WHAT TO PRODUCE
Without the pictures, write out all the lines below exactly as they appear.

DATA
========

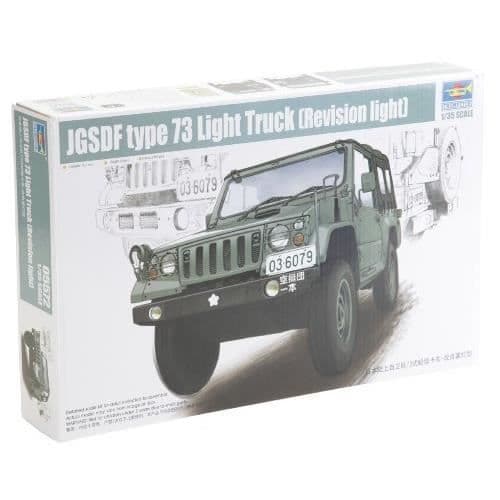 Modellsats - TRUMPETER - JGSDF TYPE 73 LÄTT TRUCK - 1:35 - Plast - Förbättrad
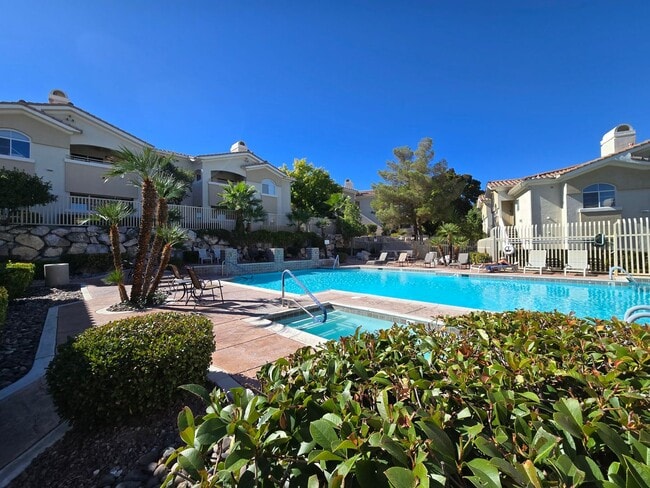 Building Photo - A Fabulous 2 Bedroom Condo with a Garage in the Heart of Summerlin!!!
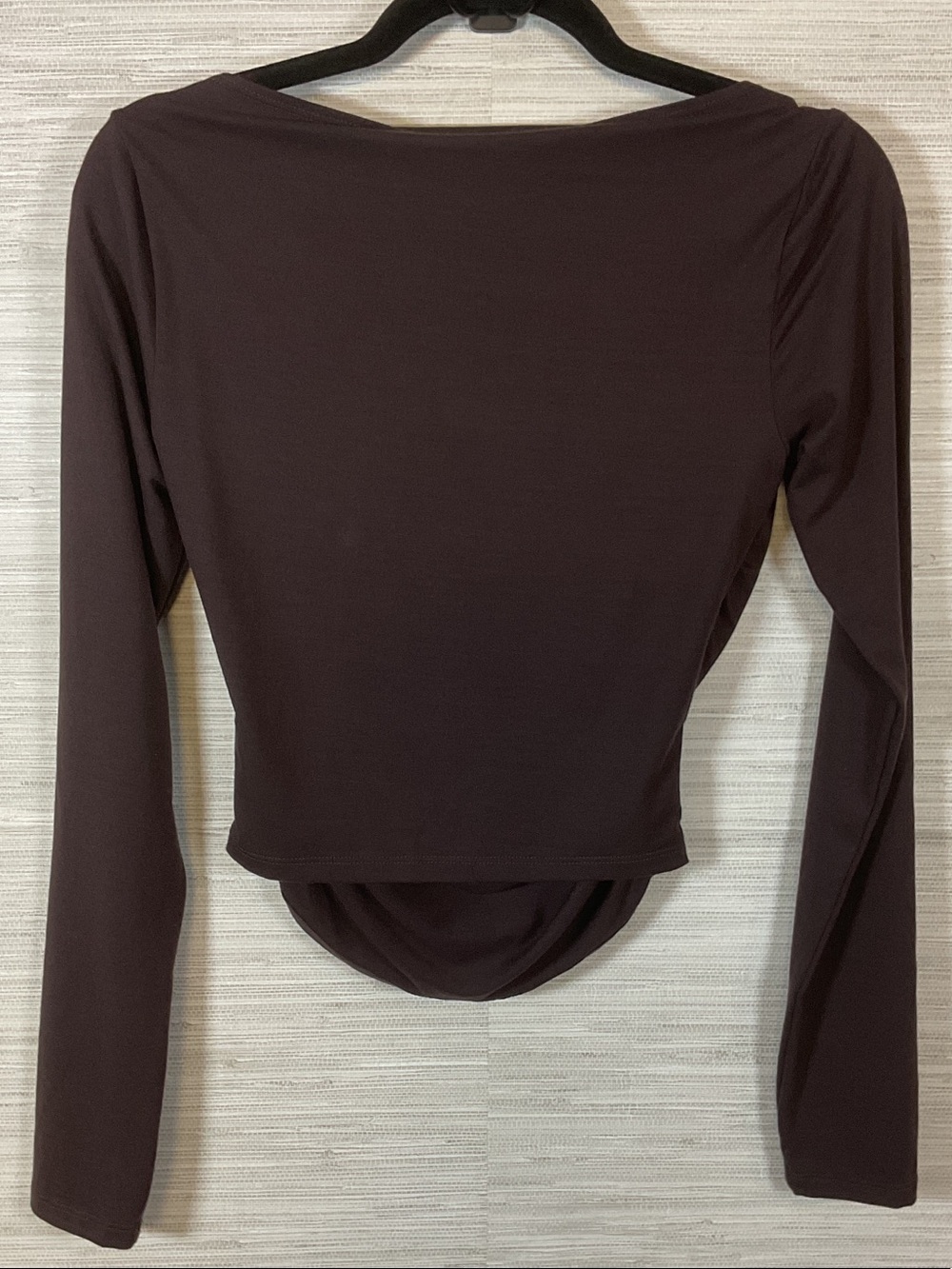 Reformation Women's Long Sleeve Emi Knit Ruched Top Black Currant NWT Small - Picture 8 of 8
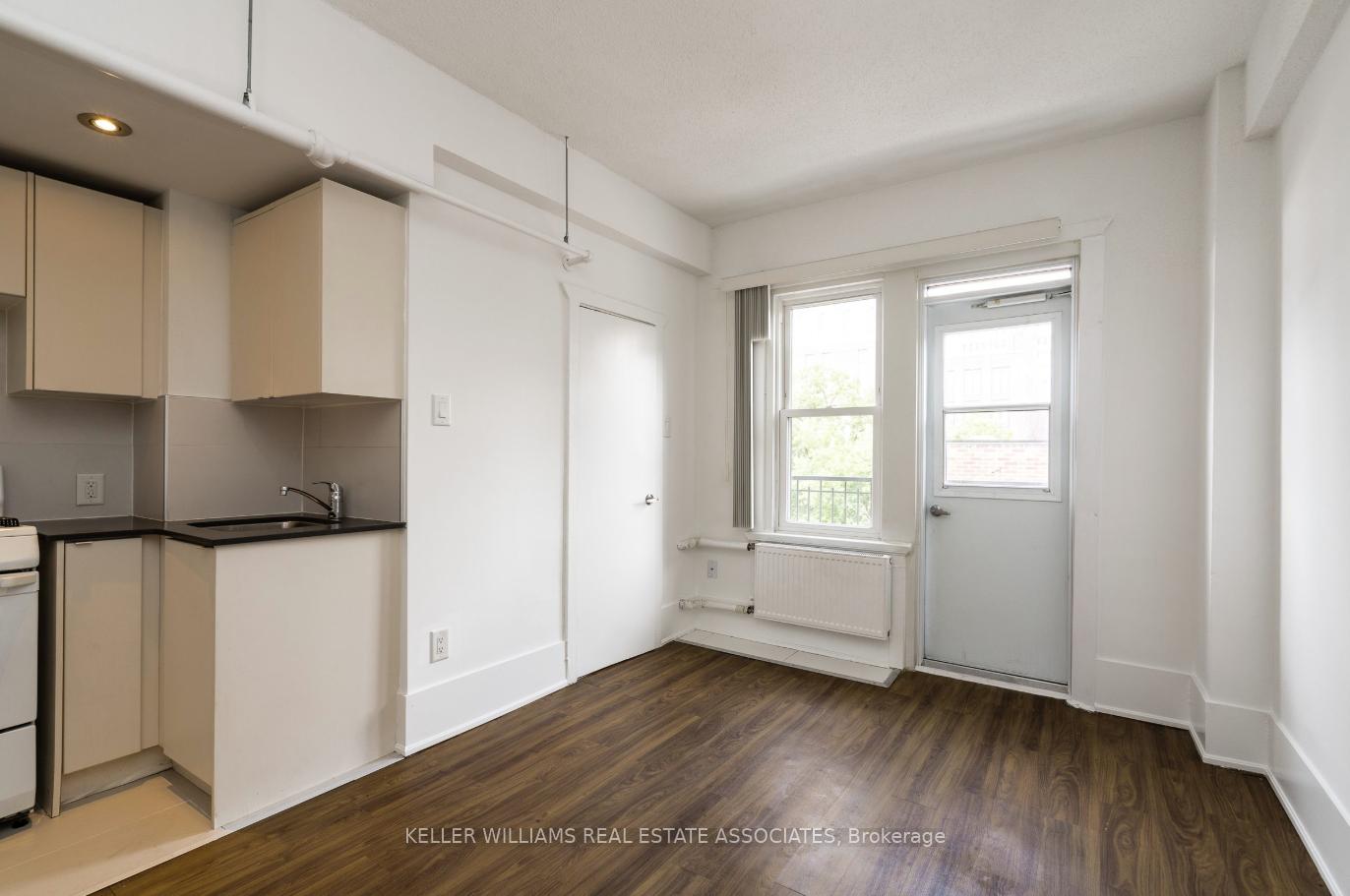 Photo 2 of Unit 510, 160 Huron Street, Toronto, Kensington-Chinatown — HOMEH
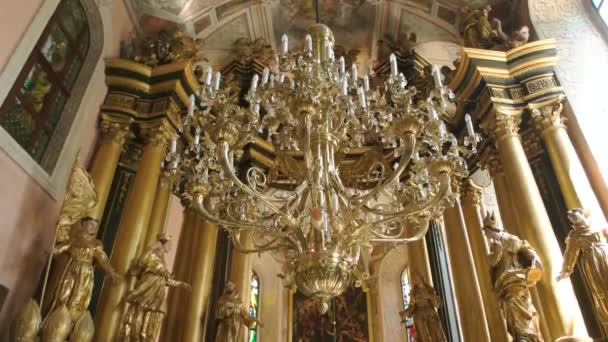 Altar en la iglesia bernardina lámpara de araña lviv — Vídeos de Stock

========

ANSWER SECTION
 Modellsats - TRUMPETER - JGSDF TYPE 73 LÄTT TRUCK - 1:35 - Plast - Förbättrad
 Building Photo - A Fabulous 2 Bedroom Condo with a Garage in the Heart of Summerlin!!!
 Reformation Women's Long Sleeve Emi Knit Ruched Top Black Currant NWT Small - Picture 8 of 8
 Photo 2 of Unit 510, 160 Huron Street, Toronto, Kensington-Chinatown — HOMEH
 Altar en la iglesia bernardina lámpara de araña lviv — Vídeos de Stock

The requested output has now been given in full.